< Job 7 >
1 Hath not man a life of labour upon earth? and are not his days like the days of a hireling?
The life of man upon earth is a warfare, and his days are like the days of a hireling.
2 As a bondman earnestly desireth the shadow, and a hireling expecteth his wages,
As a servant longeth for the shade, as the hireling looketh for the end of his work;
3 So am I made to possess months of vanity, and wearisome nights are appointed to me.
So I also have had empty months, and have numbered to myself wearisome nights.
4 If I lie down, I say, When shall I rise up, and the darkness be gone? and I am full of tossings until the dawn.
If I lie down to sleep, I shall say: When shall arise? and again I shall look for the evening, and shall be filled with sorrows even till darkness.
5 My flesh is clothed with worms and clods of dust; my skin is broken, and suppurates.
My flesh is clothed with rottenness and the filth of dust, my skin is withered and drawn together.
6 My days are swifter than a weaver's shuttle, and are spent without hope.
My days have passed more swiftly than the web is cut by the weaver, and are consumed without any hope.

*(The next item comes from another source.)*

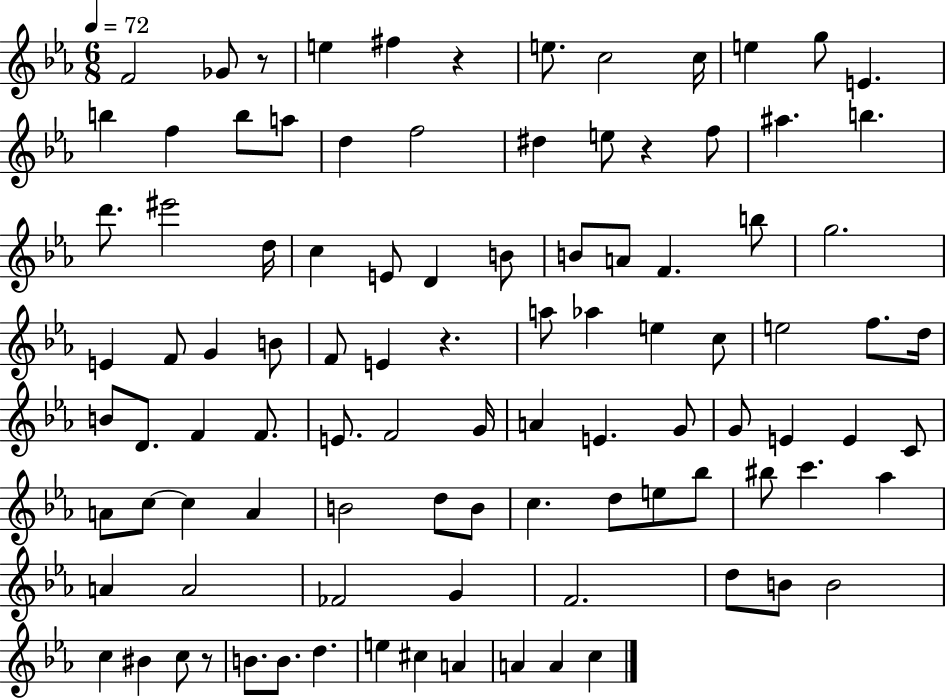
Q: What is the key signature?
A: EES major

7 Remember thou that my life is wind; mine eye shall no more see good.
Remember that my life is but wind, and my eyes shall not return to see good things.

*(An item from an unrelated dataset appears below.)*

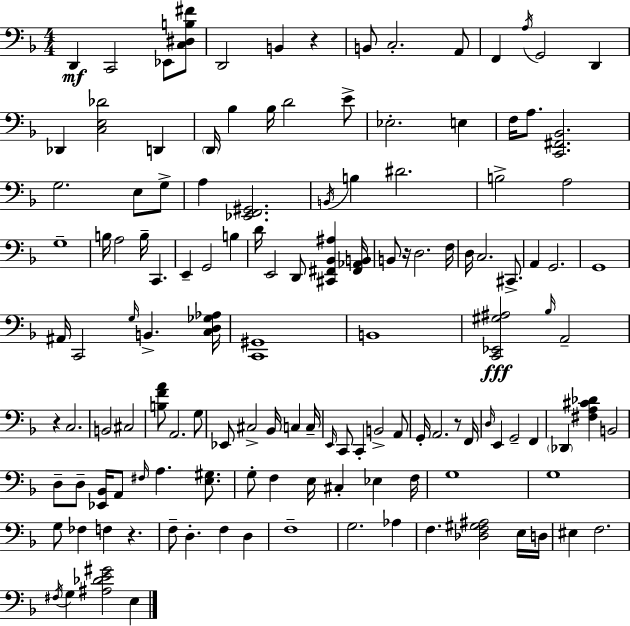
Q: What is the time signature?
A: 4/4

8 The eye of him that hath seen me shall behold me no [more]: thine eyes are upon me, and I am not.
Nor shall the sight of man behold me: thy eyes are upon me, and I shall be no more.
9 The cloud consumeth and vanisheth away; so he that goeth down to Sheol shall not come up. (Sheol )
As a cloud is consumed, and passeth away: so he that shall go down to hell shall not come up. (Sheol )
10 He shall return no more to his house, neither shall his place know him again.
Nor shall he return my more into his house, neither shall his place know him any more.
11 Therefore I will not restrain my mouth: I will speak in the anguish of my spirit; I will complain in the bitterness of my soul.
Wherefore I will not spare my month, I will speak in the affliction of my spirit: I will talk with the bitterness of my soul.
12 Am I a sea, or a sea-monster, that thou settest a watch over me?
Am I a sea, or a whale, that thou hast enclosed me in a prison?
13 When I say, My bed shall comfort me, my couch shall ease my complaint;
If I say: My bed shall comfort me, and I shall be relieved speaking with myself on my couch:
14 Then thou scarest me with dreams, and terrifiest me through visions;
Thou wilt frighten me with dreams and terrify me with visions.
15 So that my soul chooseth strangling, death, rather than my bones.
So that my soul rather chooseth hanging, and my bones death.
16 I loathe it; I shall not live always: let me alone, for my days are a breath.
I have done with hope, I shall now live no longer: spare me, for my days are nothing.
17 What is man, that thou makest much of him? and that thou settest thy heart upon him?
What is a man that thou shouldst magnify him? or why dost thou set thy heart upon him?
18 And that thou visitest him every morning, triest him every moment?
Thou visitest him early in the morning, and thou provest him suddenly.
19 How long wilt thou not look away from me, nor let me alone till I swallow down my spittle?
How long wilt thou not spare me, nor suffer me to swallow down my spittle?
20 Have I sinned, what do I unto thee, thou Observer of men? Why hast thou set me as an object of assault for thee, so that I am become a burden to myself?
I have sinned: what shall I do to thee, O keeper of men? why hast thou set me opposite to thee, and I am become burdensome to myself?
21 And why dost not thou forgive my transgression and take away mine iniquity? for now shall I lie down in the dust, and thou shalt seek me early, and I shall not be.
Why dost thou not remove my sin, and why dost thou not take away my iniquity? Behold now I shall sleep in the dust: and if thou seek me in the morning, I shall not be.